*Exercise aim*
After locating the line containing "502 S Eagle" in the entries below, please write out that line and the rest through the end exactly. Omit pictures.

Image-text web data
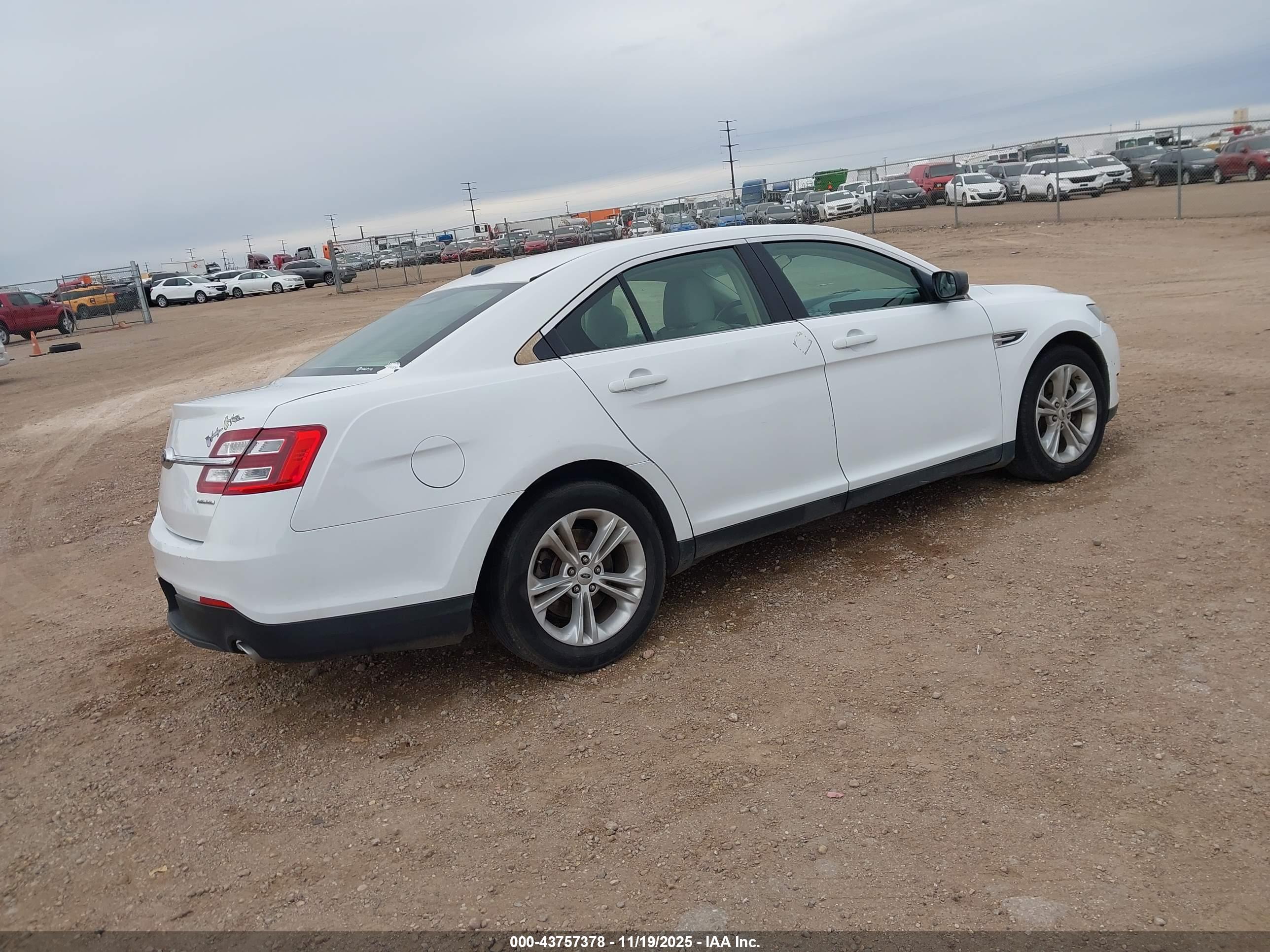 FORD TAURUS image 4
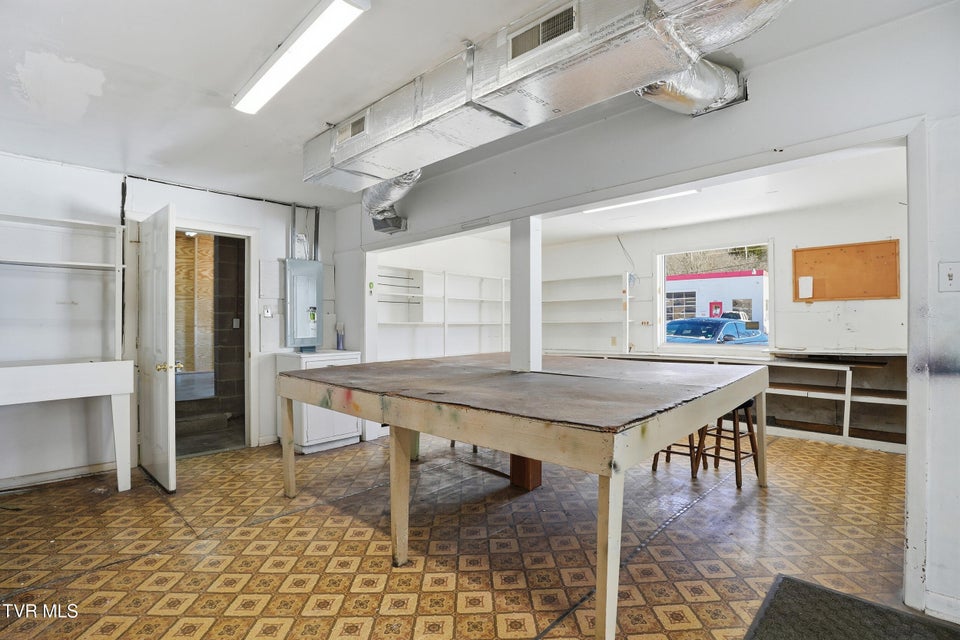 Photo #10: 528 Main Street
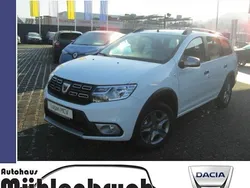 Weiß Gebraucht 2019 Dacia Logan MCV Stepway Kombi | 9.497 €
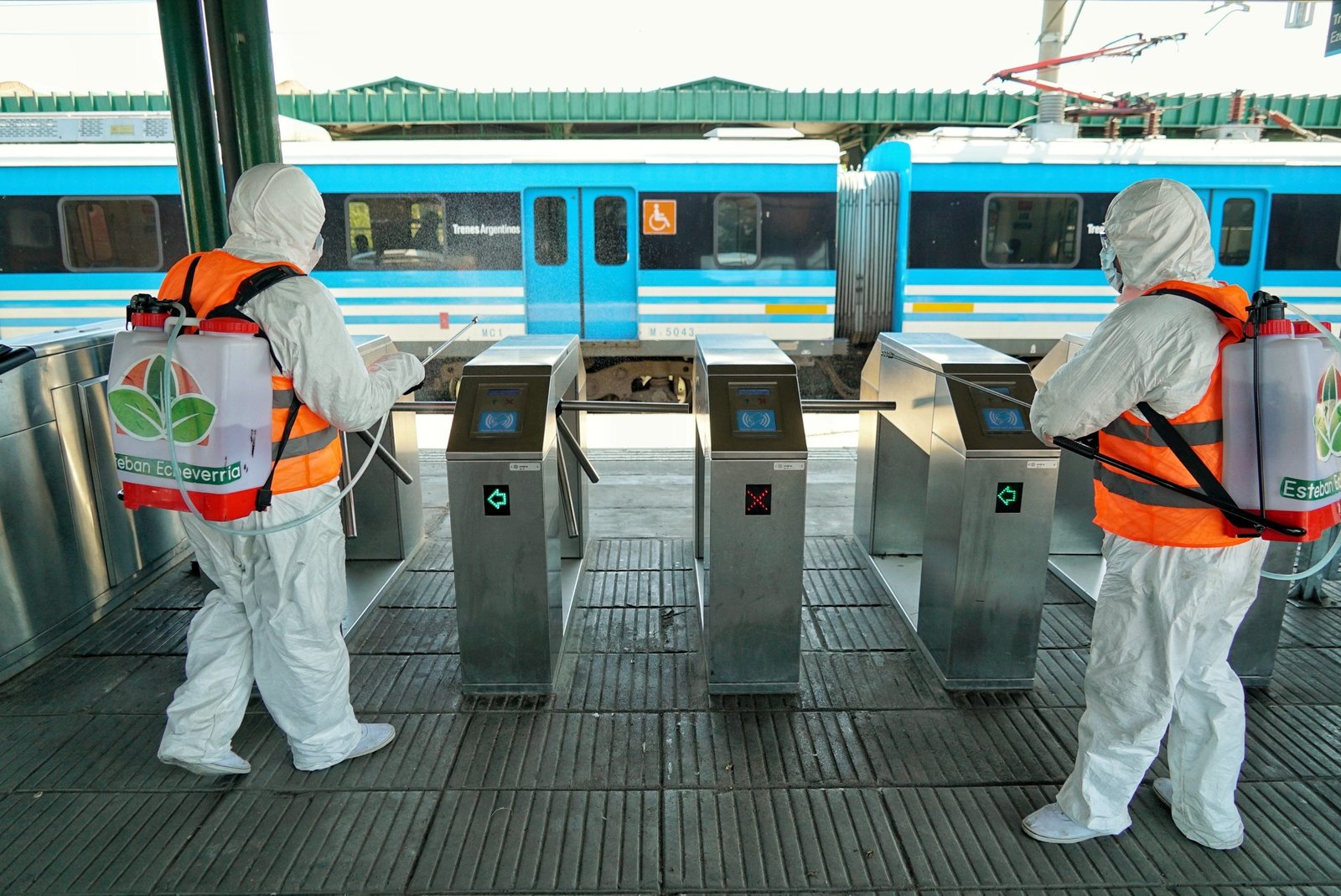 Desinfección y fumigación en transportes y puntos clave de Esteban Echeverría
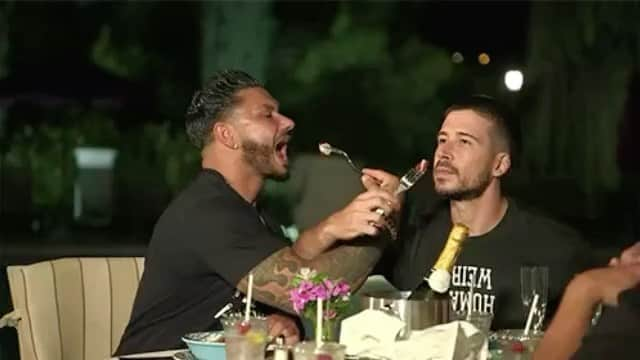 Pauly Dのインスタグラム：「Date Night TONIGHT On An All New Episode Of @jerseyshore #jsfamilyvacation 8/7c On @mtv #paulyd #djpaulyd #paulydpositivity #paulydstunts #revengeprank」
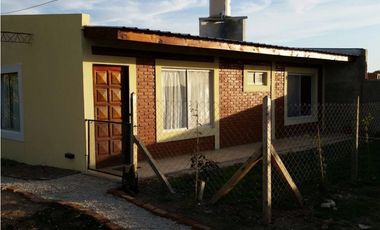 Chalet 4  ambientes + depto 2 amb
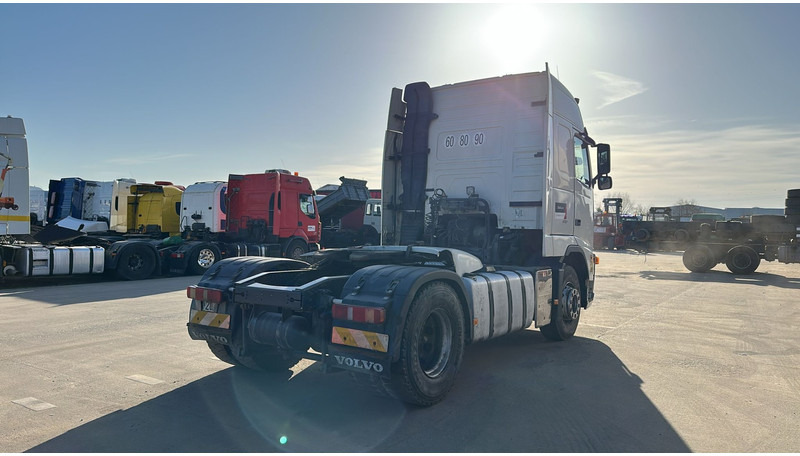 Volvo FH 400 (MANUAL GEARBOX / BOITE MANUELLE / CLEAN CHASSIS / EURO 5) - Tracteur routier: photos 5 Volvo FH 400 (MANUAL GEARBOX / BOITE MANUELLE / CLEAN CHASSIS / EURO 5) - Tracteur routier: photos 5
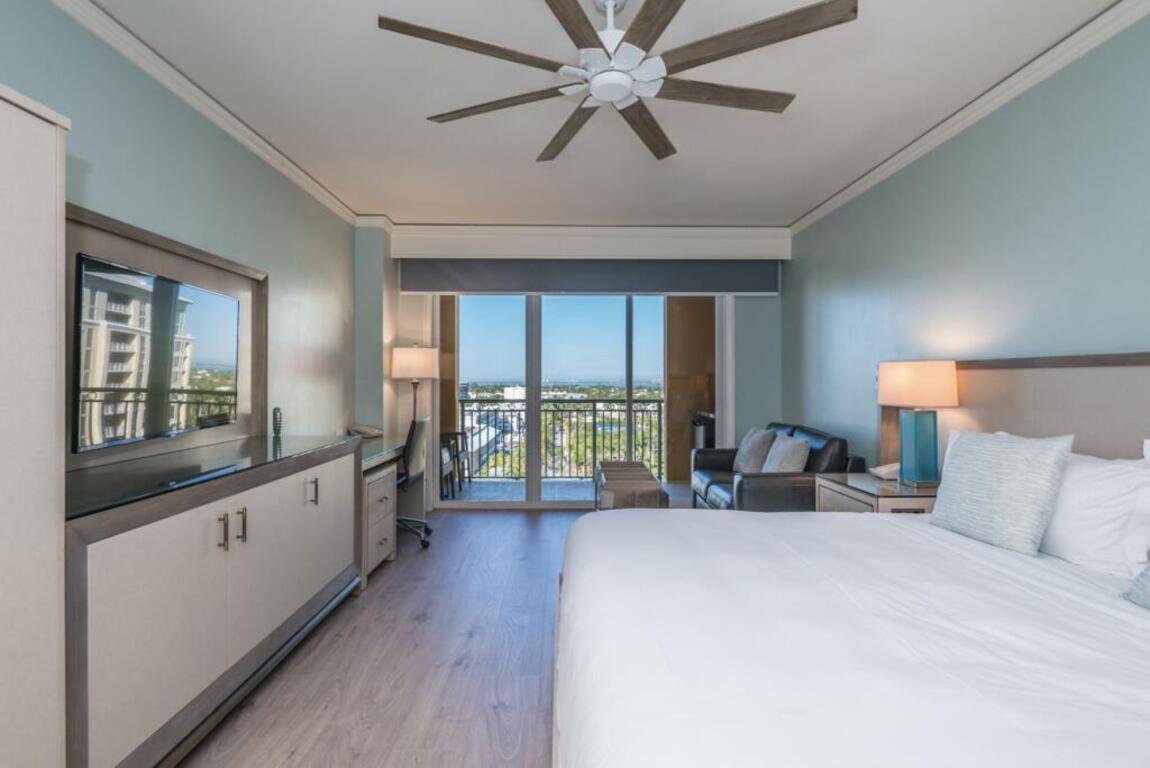 AMAZING STUDIO AT THE RITZ-CARLTON IN KEY BISCAYNE photo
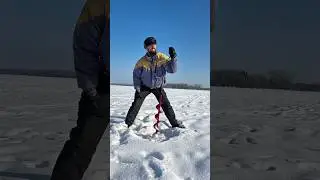 Так и не выбурил лунку😂 #дядяалик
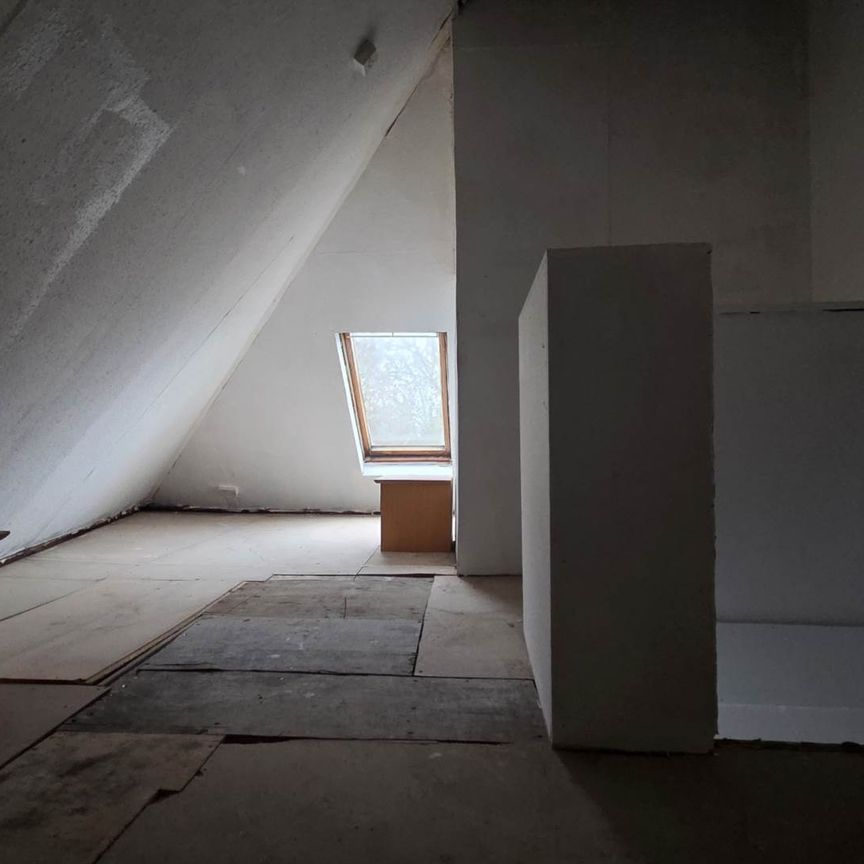 Guide Price £1,900 pcm - Available Now - Part Furnished - Photo 1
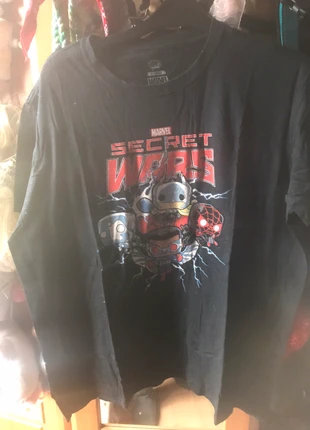 Tee-Shirt Marvel Secret Wars, marque: Marvel, état: Très bon état, taille: XL, 8,00 €, 9,10 € Protection acheteurs incluse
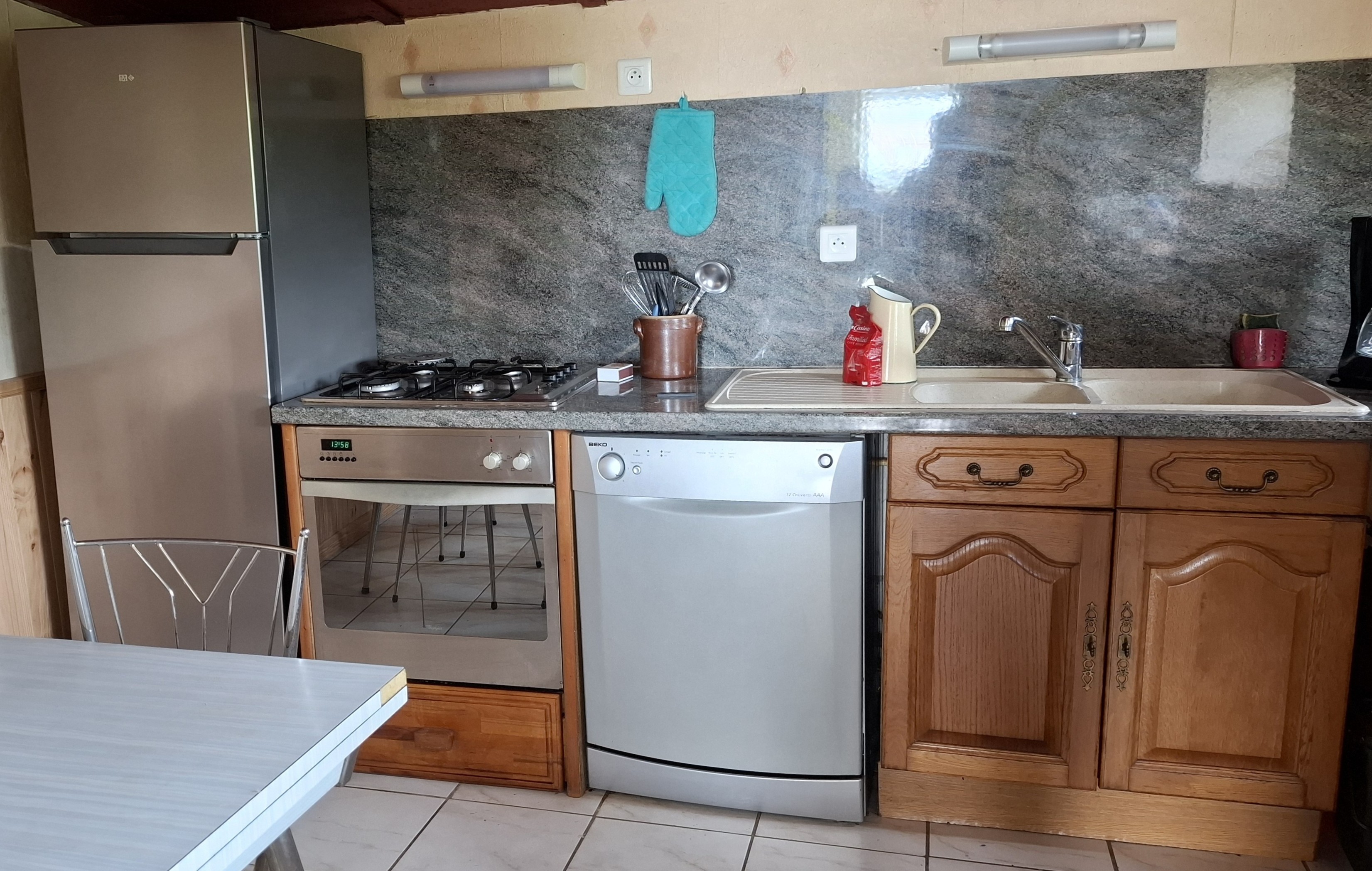 Cuisine avec espace repas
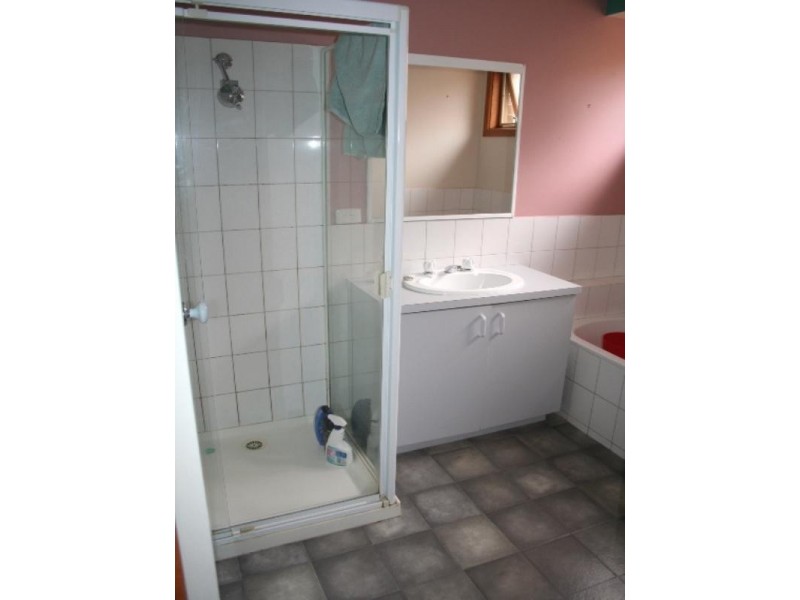 4 Monique Drive, Langwarrin VIC 3910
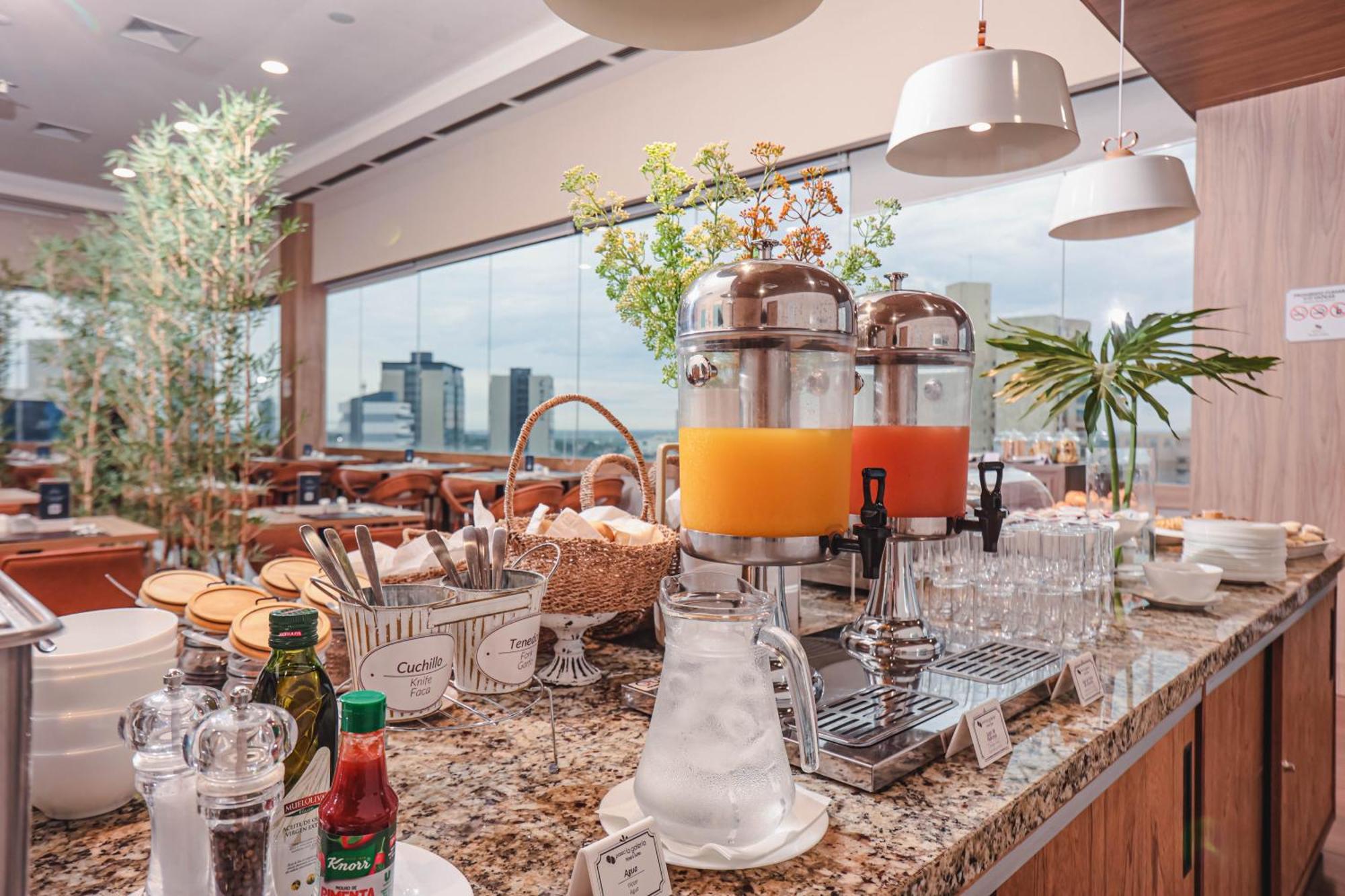 Paseo La Galeria Hotel & Suites أسونسيون المظهر الخارجي الصورة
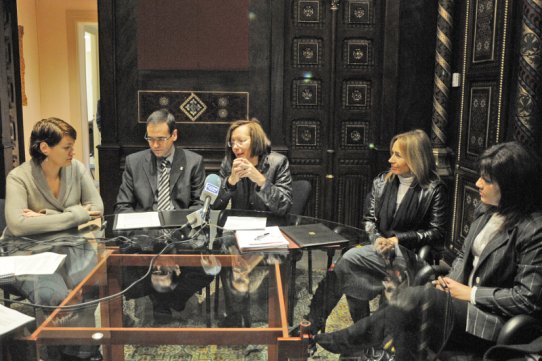 Un moment de l'acte de signatura del conveni, a la Sala de la Capella de l'Ajuntament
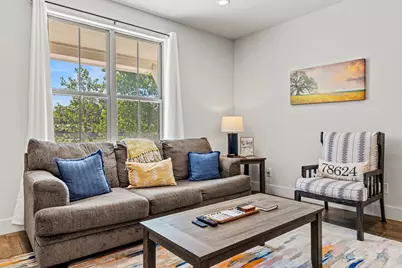 502 S Eagle St #302, Fredericksburg, TX 78624 - Photo 4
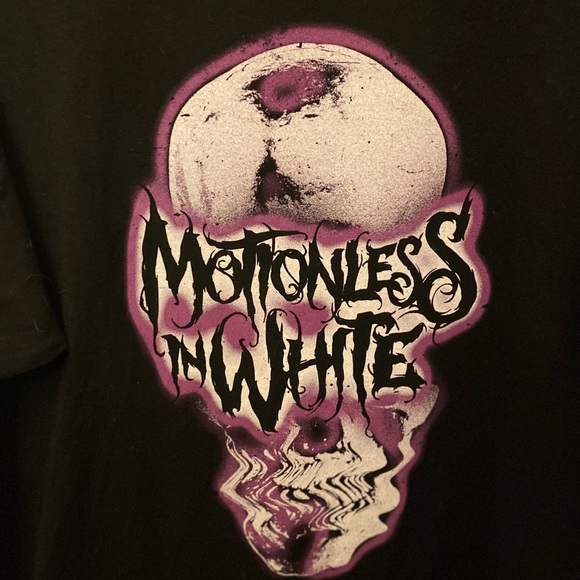 Motionless In White Skull tee - Picture 2 of 5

*Solution*
 502 S Eagle St #302, Fredericksburg, TX 78624 - Photo 4
 Motionless In White Skull tee - Picture 2 of 5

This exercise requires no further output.